# Sam Gawith in a Mars Cigars



## x6ftundx (Jul 31, 2008)

Well they got their stock in but all the tins are gone. FVF and Squadron Leader are still there for 250g. I was hoping to get tins but no luck this time around. Good Luck for those who want the big packages!


----------



## indigosmoke (Sep 1, 2009)

I got their text message. Scored me 2 250g boxes of Squadron Leader. I've been hooked on this blend since I got a sample from Nick (Nachman). Glad to be able to stock up.


----------



## x6ftundx (Jul 31, 2008)

is the text message faster than the facebook anouncement? I only like the 50g tins.


----------



## User Name (Feb 11, 2011)

got me some FVF and 1792.

Thanks.


----------



## indigosmoke (Sep 1, 2009)

x6ftundx said:


> is the text message faster than the facebook anouncement? I only like the 50g tins.

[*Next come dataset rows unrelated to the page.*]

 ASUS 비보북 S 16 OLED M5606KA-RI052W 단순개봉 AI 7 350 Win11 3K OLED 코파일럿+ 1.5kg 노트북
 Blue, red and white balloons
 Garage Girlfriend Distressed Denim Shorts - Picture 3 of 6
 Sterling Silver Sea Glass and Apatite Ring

I'm not sure. I signed up for the text message through their facebook page.


----------



## Firedawg (Nov 8, 2010)

There will be more sites getting theirs this week. Now it will be a mad race to get what you want.


----------



## Firedawg (Nov 8, 2010)

As much as I would like to get some 1792 I have no intentions of buying a large amount first. I have so many tins that I have yet to even try that I can wait until the next shipment and still get them aged. Enjoy your baccy gents!


----------



## x6ftundx (Jul 31, 2008)

I can only hope


----------



## Blue_2 (Jan 25, 2011)

Thanks, I got in on some BBF.


----------



## InsidiousTact (Dec 3, 2010)

I saw this and thought "oh boy, caught it just in time! 250 g shipments here I come!" Then I remembered that I've got enough tobacco to last me a long long time, very little money, and 2 tins of FVF stowed away. *sigh* the chase is half the fun, lol


----------



## x6ftundx (Jul 31, 2008)

how is the 250g packaged? is it bulk or in a box or tin or what?


----------



## Nachman (Oct 16, 2010)

x6ftundx said:


> how is the 250g packaged? is it bulk or in a box or tin or what?

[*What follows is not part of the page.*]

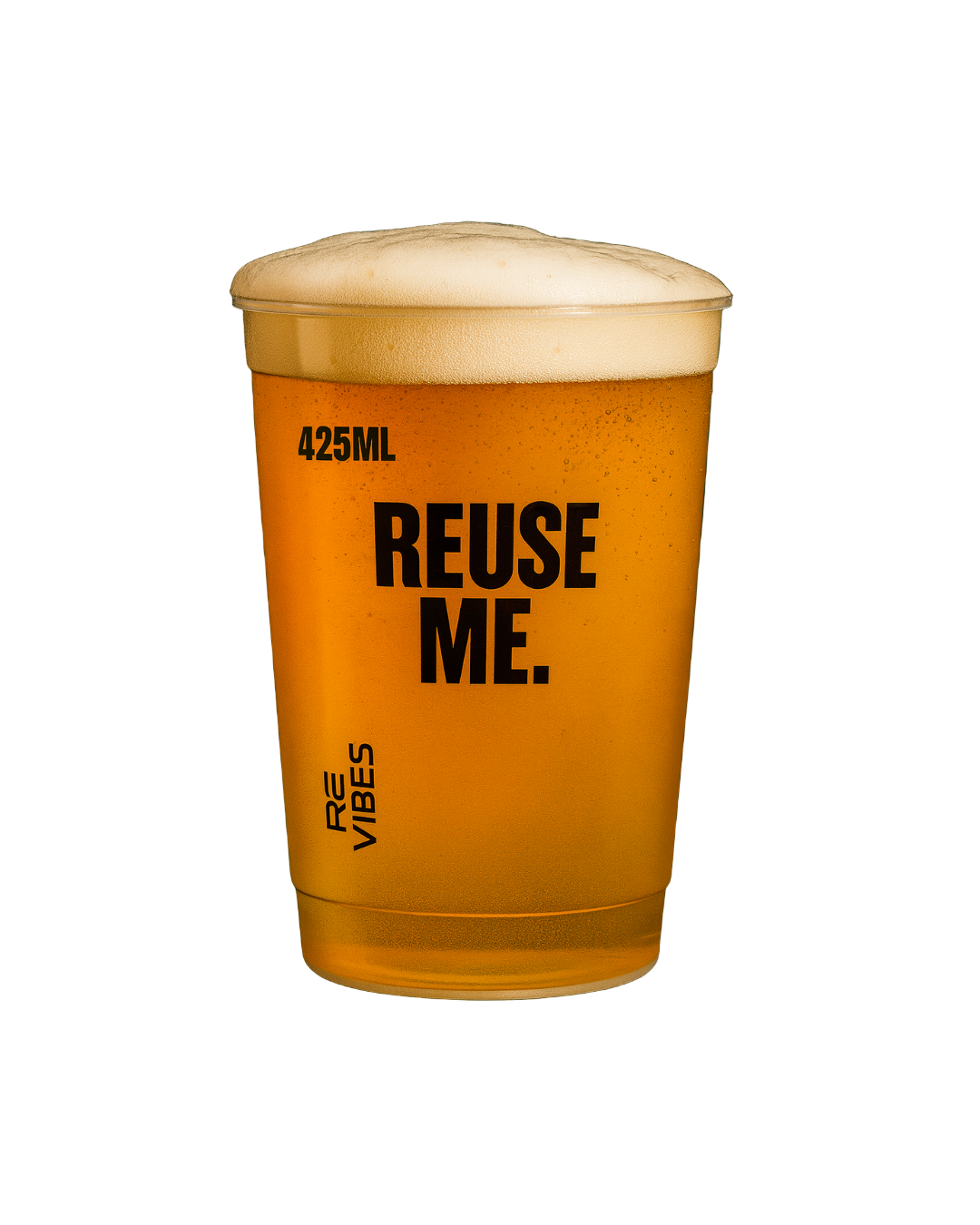 Reusable cup with beer and 'REUSE ME.' text on a green background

It is a box wrapped in polyethlyne.(sp)


----------



## x6ftundx (Jul 31, 2008)

everything is gone


----------



## x6ftundx (Jul 31, 2008)

Nachman said:


> It is a box wrapped in polyethlyne.(sp)


thanks, I will stick with the 50g tins. Much easier to store and I don't smoke that much to warrant getting the big size


----------



## Black (Feb 3, 2011)

Lol that was fast. Got a pound of 1792, and cob plug.2 pounds of Squadron leader. Thanks for the tip


----------



## Commander Quan (May 6, 2003)

The prices didn't seam to increase over what they had previously been.


----------



## szyzk (Nov 27, 2010)

Dang!

I was at the computer upstairs and everything was in stock. Went downstairs (where my wallet was) and logged on... Squadron and 1792 were gone! I missed on the Esotericas not too long ago and now the two SGs I wanted most! 

Still ended up with 250g boxes of Commonwealth and Skiff, though, so I'm not going to complain... Too much.


----------



## keen smoke (Sep 8, 2010)

The last time I ordered a lb of FVF from Mars it was $29.95/lb. This time it's $48.75. 

Just sayin! 

...Still not a bad price per pound for some of the best VA out there... still a lot less than some other favs of mine like Blackwoods Flake and Marlin Flake, those would be more like $70+/lb.


----------



## indigosmoke (Sep 1, 2009)

There was an increase in the 1lb package for Squadron Leader. For Squadron Leader that went from 33 and change to 49.75. This actually made getting two 250g packages cheaper by 2.75 so that's what I did. Still, I'll gladly pay $47 for two 250g packages of Squadron Leader. That's still a great deal. I don't know about the 250g or 50g prices though, I wasn't keeping track of them.


----------



## shotokun16 (Jul 5, 2010)

Scored 250gm SG FVF! :kiss:

Tins were never available only 250gm and bulk. The owner mentioned that the purchases he made were only a fraction of his full purchase. The U.K. was recently hit by a nasty winter storm and resulting a reduction on SG shipments to the U.S.


----------



## shotokun16 (Jul 5, 2010)

indigosmoke said:


> There was an increase in the 1lb package for Squadron Leader. For Squadron Leader that went from 33 and change to 49.75. This actually made getting two 250g packages cheaper by 2.75 so that's what I did. Still, I'll gladly pay $47 for two 250g packages of Squadron Leader. That's still a great deal. I don't know about the 250g or 50g prices though, I wasn't keeping track of them.


Hey Indigo,

I was about to trigger the SL but i guess you did. Ive had squadron leader before and its okay but how would you compare it to Northwoods, Penzance, Frog Morton, and Dunhill Nightcap? They all have this smoky BBQ aroma and was hestitant. Anyways good catch!


----------



## shotokun16 (Jul 5, 2010)

x6ftundx said:


> how is the 250g packaged? is it bulk or in a box or tin or what?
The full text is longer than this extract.